My background

September 22, 2018

This isn’t my resume, but more like a statement of where my career started and where it’s been and maybe I’ll say something about where its going.

I started with a few very different opportunities from college. I could have worked at a computer re-seller (and services), or a defense contractor, or a telecommunications company, or a chip manufacturer. Since I had a computer engineering degree I ended up at a chip place. (Btw, kind of disappointed on their recent security vulnerabilities and how they handled them).

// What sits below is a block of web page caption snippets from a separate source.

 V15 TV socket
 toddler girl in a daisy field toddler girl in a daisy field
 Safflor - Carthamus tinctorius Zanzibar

I worked with flash memory when I started at Intel. I kind of felt that flash was very important and lots of hand-held devices would need them, and if I was the big huncho I would have increased production of those chips, but unknown to me, the margins on those devices were stiff and Intel didn’t expand. I ended learning a little bit of C programming and more about Perl. I read my first really good programming book. I knew software was the place to be so then I quickly switched to a more software oriented role at the company. I did device driver programming. The funny thing was my device driver code didn’t control a device. It actually “stopped” the CPU and date the BIOS software. It was kind of fun to work that closely to the metal. I had an exposed mother board sitting on my desk and was debugging/running my code on that. It was tough because if you had a memory violation you basically crashed the system. Nothing to protect you when you are running in kernel space.

After 1.5 years I felt that I had enough of California and had to move back to Chicago to help out with the family. I kind of didn’t want to leave California. I actually should have moved in the other direction…east…to the bay area or SF. I should have gotten into the thick of the dotcom bubble. Instead I picked up a job at a company developing C++.

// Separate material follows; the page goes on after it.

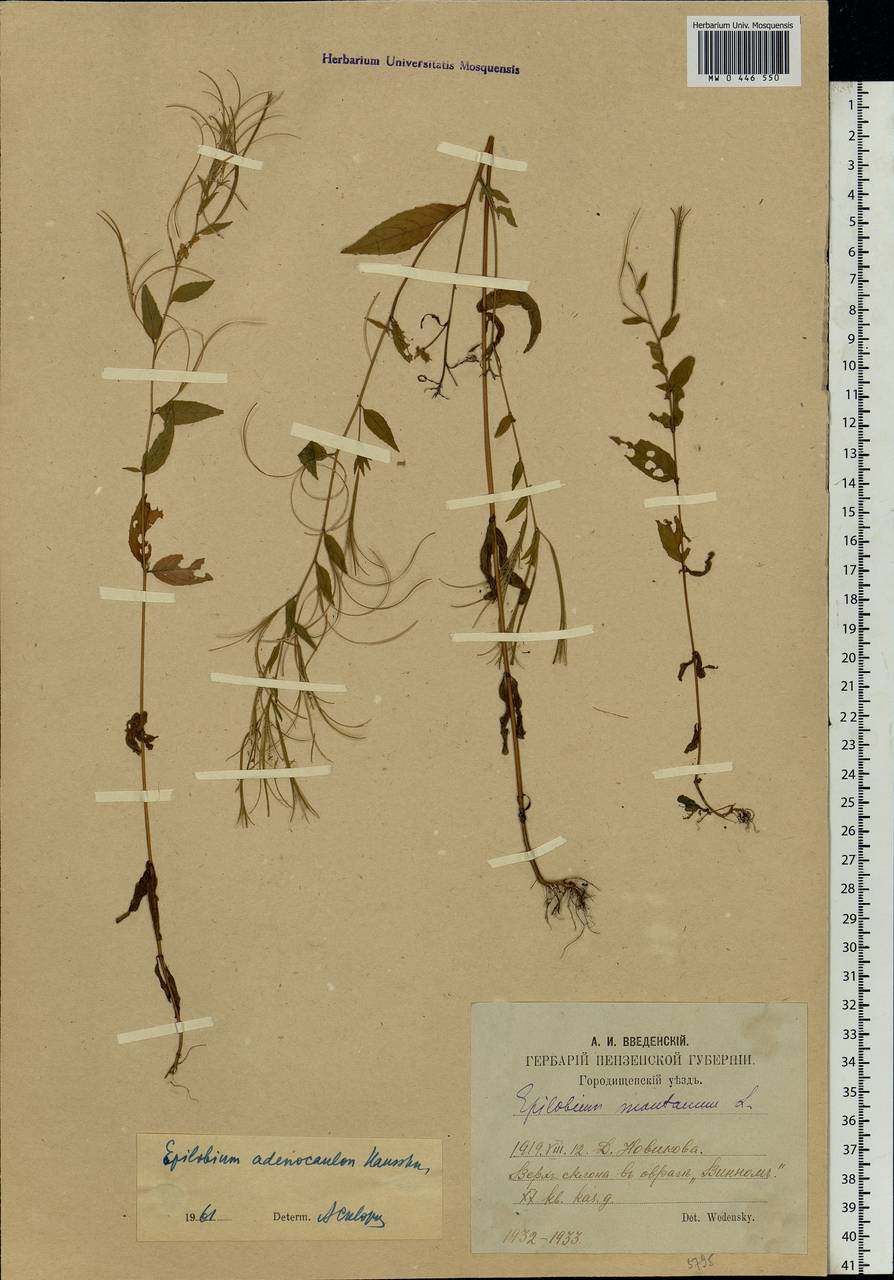 Epilobium ciliatum subsp. ciliatum, Eastern Europe, Middle Volga region (E8) (Russia)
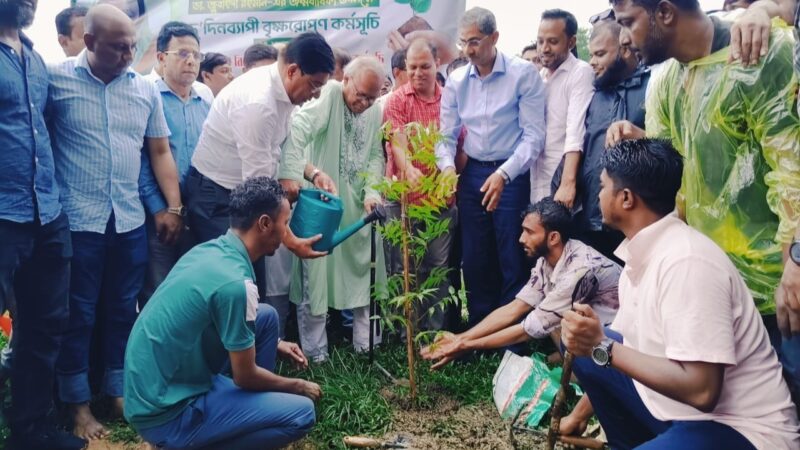 ডা. জুবাইদা রহমান-এর জন্মবার্ষিকী উপলক্ষে দুই দিন বৃক্ষরোপণ কর্মসূচির উদ্বোধন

C++ is and was a difficult language to learn and especially with some complex templates it can be excruciatingly hard to read and maintain. I spent a considerable amount of time trying to become a C++ expert. I read all the important books and studied up on STL. Even though I excelled at getting a good grasp of the language, my career went stagnant. I wasn’t really learning anything and the product we were creating wasn’t really changing much. Also I knew the future of software development was in the web. I should have changed jobs sooner but eventually I found a way out and started working at a small real estate marketing company (4 devs including myself) that did C#, web services and small web sites.

I finally learned something about software design and development. I got introduced to Agile and TDD. It really opened my eyes. I kind of got that idea at the previous place and tried to implement unit testing and more readable code, but it wasn’t valued much. We made sure the code was tested and was readable and I had freedom to push new technologies and make an impact on the customers. I became quite competent at C#, and got started with Javascript (AngularJS). But after almost 3 years I did feel I outgrew the position. After failing an Amazon interview (which in itself is a story), I landed a new company which showed me that I still had plenty to learn.

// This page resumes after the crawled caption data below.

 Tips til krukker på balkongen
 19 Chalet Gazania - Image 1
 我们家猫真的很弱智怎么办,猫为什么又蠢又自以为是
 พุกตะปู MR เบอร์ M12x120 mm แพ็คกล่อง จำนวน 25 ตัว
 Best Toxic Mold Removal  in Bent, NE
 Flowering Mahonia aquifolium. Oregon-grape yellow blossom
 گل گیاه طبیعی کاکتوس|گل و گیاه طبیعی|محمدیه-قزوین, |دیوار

I’m not a huge fan of working in retail, but there are things to learn wherever you get position at a company that relies on modern technology. What I did learn was more about enterprise software development. Latency, metrics, logging and working on a decent sized team are all things that I really didn’t capture on previous jobs. I needed to take those things into account and also there was the pressure of getting a feature to market quickly. I didn’t work too many late nights, but enough to get me up to speed on some modern software techniques and practices. Still there are currently a few things to learn still and I’m glad I can see what is left. I also felt that I became an expert at front-end development, especially Javascript and CSS. Also I learned a lot about NodeJS.

Maybe another move is in the future? To change the landscape is not always the best thing (the grass isn’t always greener), but on occasion it does pay off. I think the focus is going to be mobile in my career, but also I think I have talent to manage. To hire, develop and train engineers is something that I got a taste off and I think definitely I can handle the different aspects of management, which are good communication and leadership.